A inutilidade das coisas

Escrito por Maria Afonso

Devia ter quatro anos. Uns dias antes do Natal a mãe dividia com ela um segredo. As cartas eram demoradas e nem sempre chegavam a tempo de comunicar o regresso do pai. Nessas tardes, em que a noite caía no seu tempo devido, saíam de casa e, de longe, aguardavam a paragem da carreira. Ninguém as poderia ver. Só elas entendiam o amor que lhes ocupava o peito. No escuro analisavam um a um todos os passageiros que se apeavam. O pai havia de usar uma boina, isso ela sabia. Voltariam nas tardes que se seguiam, cúmplices naquele admirável segredo.

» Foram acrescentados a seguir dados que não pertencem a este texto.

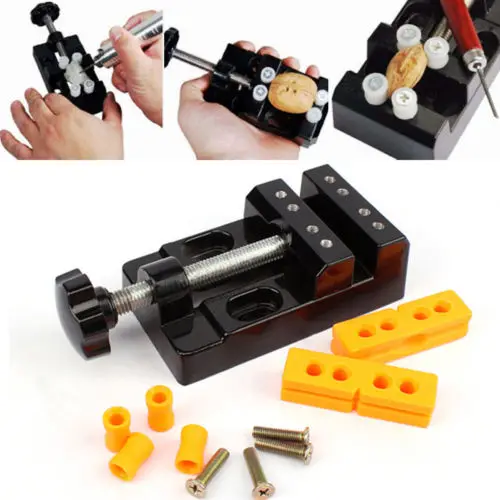 

Black Jaw Bench Clamp Mini Drill Press Vice Micro Clip Flat Vise Hand Tools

– Olha, é o pai! – os corações celerados e os sorrisos expostos a ocupar aquele espaço infinito que só um abraço pode conter.
O chão pintar-se-ia de uma fina gaze branca e os pés fariam estalar pequenas palhas enrijecidas. Os homens, vestidos de samarras com pele de raposa, juntavam-se à porta da sua casa. Conversavam lado a lado, de frente para o sol que dali a pouco substituiria o branco frio da terra batida por uma humidade xistosa. Os homens queriam ouvir novidades. Como era viver para lá das fronteiras. E o pai contava histórias que incentivavam novas questões. Ela ouvia, embevecida, sem se importar em saber que àquela gaze branca chamavam geada. O pai era grande demais e isso bastava.
O Natal aproximava-se numa franca serenidade. Nesse ano o pai trouxera as figuras centrais para um presépio nunca visto. Os três camelos, sem rei algum, revestidos de uma quase pele de pêssego tinham o poder dum bálsamo singular. Não pisariam areias de desertos quentes, mas teriam o privilégio de uma cama de musgo verde humedecido. Um pequeno pinheiro no lugar de palmeiras. Nesse tempo, nessa terra, poucos saberiam da existência de palmeiras. Os desertos eram impraticáveis dentro de cada um. Todos se sentiam completos. Quem importava estava ali, ao lado. Ninguém tinha morrido. A morte era uma palavra sem rosto.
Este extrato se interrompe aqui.